4. Tell a story with your gift

The one thing I’m absolutely certain of after years in the gift business is that the most memorable gifts always have stories. Your recipient will form a more lasting connection with your gift if you give them an interesting story to pass along to others.  (Believe me, I’ve heard hundreds of them!)

The story costs nothing, and every gift has one if you know where to look.

  • Does your gift introduce the recipient to an up-and-coming artisan or entrepreneur they may not have heard of, but you know they’d love?
  • Did you find the gift under extraordinary circumstances? If it came from a one-of-a-kind market or merchant, or has an unusual feature you can explain to your recipient, it will be all the more compelling.
  • Does your gift have a philanthropic twist, such as products made of upcycled components or from merchants with a social mission?
  • Do you have a particular relationship with the merchants behind your gift?  Or does the gift include one of your own favorite things? If so, share your enthusiasm! 
5. Turn your gift into an experience

Customers naturally gravitate to gifts that embody an experience.  Sunday Morning Pancakes, for example.  The individual items are delicious, but by putting them together they’re really creating something more powerful: the hope that the gift recipient will enjoy the paper and the companionship of family and the well-earned leisurely atmosphere of a day filled with nothing but possibility. Or a nap.

Just BreatheChardonnay StaycationBetter Than TherapyThe Carnivore’s DelightPicnic Under The Stars. Even without seeing them, all of these gifts evoke a particular mood and have a natural experiential component to them.

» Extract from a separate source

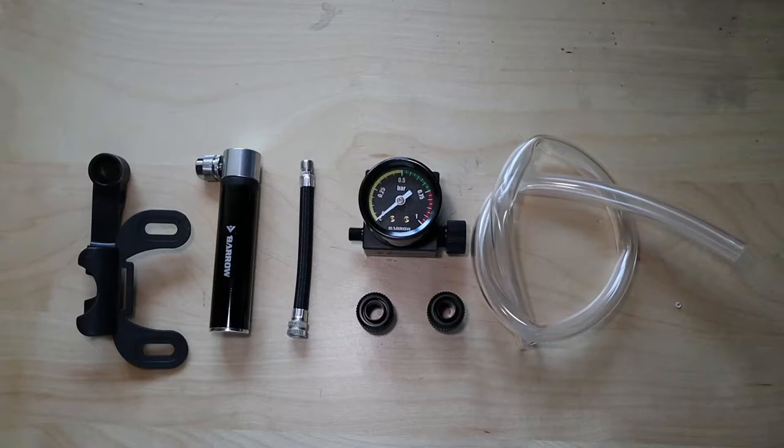So out of the box, from left to right, we have a pump holder, which I'm not really sure what it's for. There are also some mounting options for it, but we won't be using it at all. Next, we have the air pump. We also have the inlet tube, which connects the air pump to the main body with the pressure gauge. We also have two soft tubing fittings and half a meter of soft tube.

It turns out that this gut instinct to give an experience, not just “stuff”, comes from a deep place in our psyches.  According to Tom Gilovich, Irene Blecker Rosenfeld Professor of Psychology at Cornell, experiences yield more and better stories, become a bigger part of who we are, and connect us more to each other. So by taking the time to evoke an emotion, experience or situation with your gifts, you’re creating stronger long-term connections with the people you’re gifting to.

6. Pack it with flair

There’s no rule that says gifts have to come in paper-wrapped boxes with store-bought cards or name tags on top. The manner in which you give your gift can make all the difference, and again, doesn’t need to cost much. Here are some of my favorite ideas, depending on the recipient:

  • Give your gift in an unusual container – a lovely glass jar, an old cigar box, a vintage birdcage…if the contents fit and the container is easy to send or carry, try it out. If it’s something your recipient can reuse, even better.
  • Think beyond wrapping paper. Why not wrap a gift book or an e-reader in the New York Times book review section? Or wrap a kid’s gift in the comic pages? Take-out menus, doodles…anything can be used to make your gift stand out in a sea of patterns and ribbons.  
  • Write your name tag or card on something unexpected – perhaps a vintage postcard or a piece of paper origami.
  • Skip the traditional card altogether and make your message an experience with a custom word search, crossword, word map or mad libs game. There are great free online tools to help you pull this together to make something especially fun for younger recipients.

Creative wrapping isn’t simply about making a gift look nice–it can set the tone for the entire gift-opening experience. Think about everything you can communicate with your presentation: do you want to hint at what’s inside, obscure the contents for the ultimate surprise, or leave your recipient with something extra they can actually use?